Perform the following to minimize the pain of injecting local anesthetic:
Cleansing
After the wound is anesthetized, cleansing of a traumatic wound should be performed by irrigation with normal saline at approximately 15 psi of pressure. This can be accomplished by attaching an 18-gauge angiocatheter or a commercially available splash shield to a 30-mL syringe (see Fig. 22-1). At least 200 mL of irrigation is recommended. Moscati and associates (2007) performed a multicenter comparison of tap water versus sterile saline for wound irrigation showing equivalent rates of wound infection in immunocompetent patients. The tap water group irrigated their own wounds under the water tap for a minimum of 2 minutes after they had the wound anesthetized.
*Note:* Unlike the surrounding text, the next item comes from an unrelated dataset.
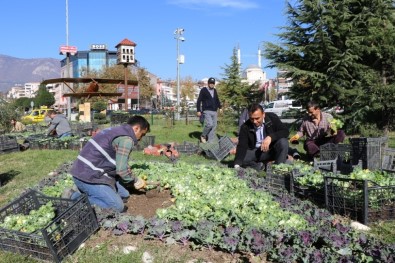 Safranbolu'da Park Ve Bahçeler Renkleniyor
Higher-risk wounds were excluded from the study, suggesting that tap water is a reasonable cleansing alternative only in low-risk lacerations. Chemical compounds such as hexachlorophene (pHisoHex), chlorhexidine gluconate (Hibiclens), or povidone–iodine (Betadine) should not be used inside wounds but may be applied to external, intact skin if desired. Greasy contaminants can be removed with any petroleum-based product, such as bacitracin ointment. To prevent a “road rash” tattoo, wrap petrolatum gauze around the fingers and wipe off the asphalt and other foreign material embedded in the skin after anesthesia.
Débridement
After the cleansing process, wounds should be examined for devitalized tissue that needs removal or débridement. This débridement may convert a jagged, contaminated wound into a clean surgical one and can be accomplished with a scalpel or sharp tissue scissors (Fig. 22-2). Preserve as much tissue as possible in case future scar revision is necessary. After débridement, wound edges should be held together to see if they are under any tension. Wounds under significant tension are best repaired by a two-layer closure. In dirty wounds, however, this may increase the incidence of infection.